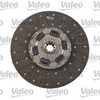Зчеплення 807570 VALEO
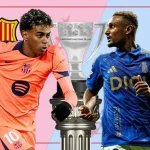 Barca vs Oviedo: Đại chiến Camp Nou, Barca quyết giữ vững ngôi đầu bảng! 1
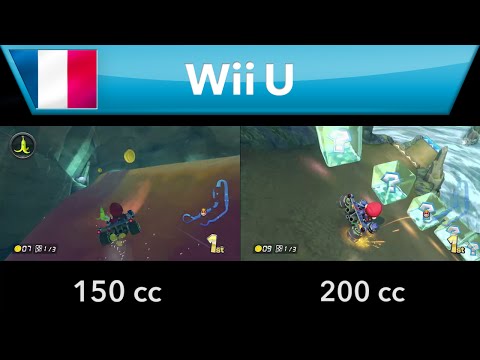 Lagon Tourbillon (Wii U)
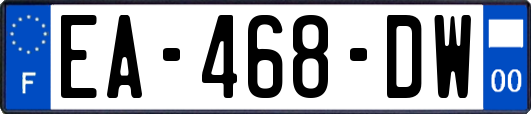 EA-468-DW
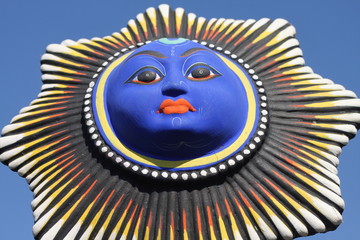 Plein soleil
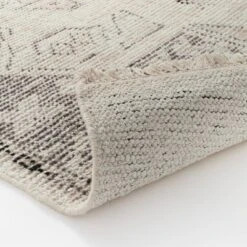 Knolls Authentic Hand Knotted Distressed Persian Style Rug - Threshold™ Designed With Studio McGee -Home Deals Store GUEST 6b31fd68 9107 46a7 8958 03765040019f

--

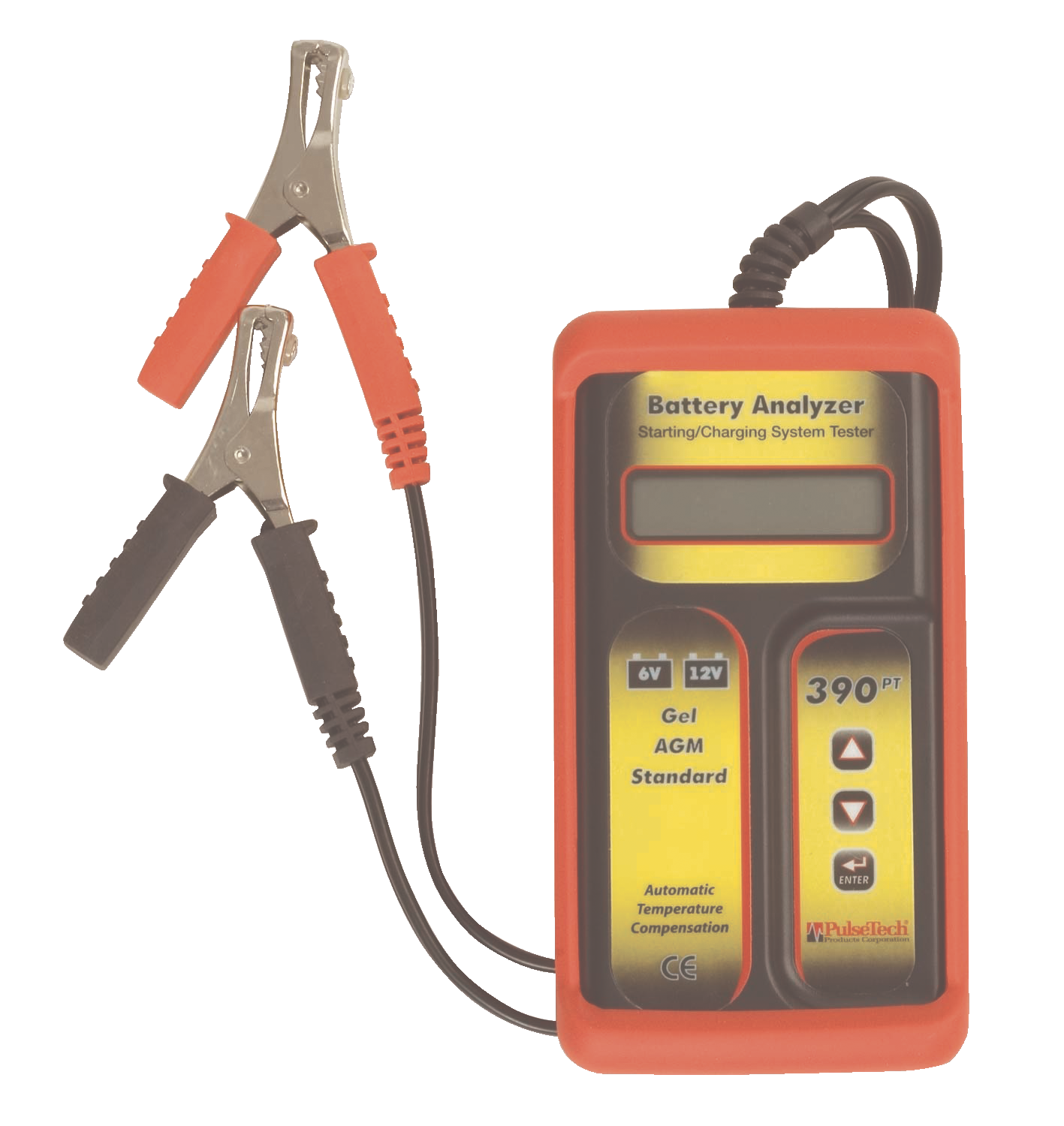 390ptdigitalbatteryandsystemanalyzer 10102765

### Task details
"Barca vs Oviedo: Đại" marks the first line to copy, and "Knolls Authentic Hand" marks the last. Repeat that stretch above exactly, with no pictures.

### The answer
 Barca vs Oviedo: Đại chiến Camp Nou, Barca quyết giữ vững ngôi đầu bảng! 1
 Lagon Tourbillon (Wii U)
 EA-468-DW
 Plein soleil
 Knolls Authentic Hand Knotted Distressed Persian Style Rug - Threshold™ Designed With Studio McGee -Home Deals Store GUEST 6b31fd68 9107 46a7 8958 03765040019f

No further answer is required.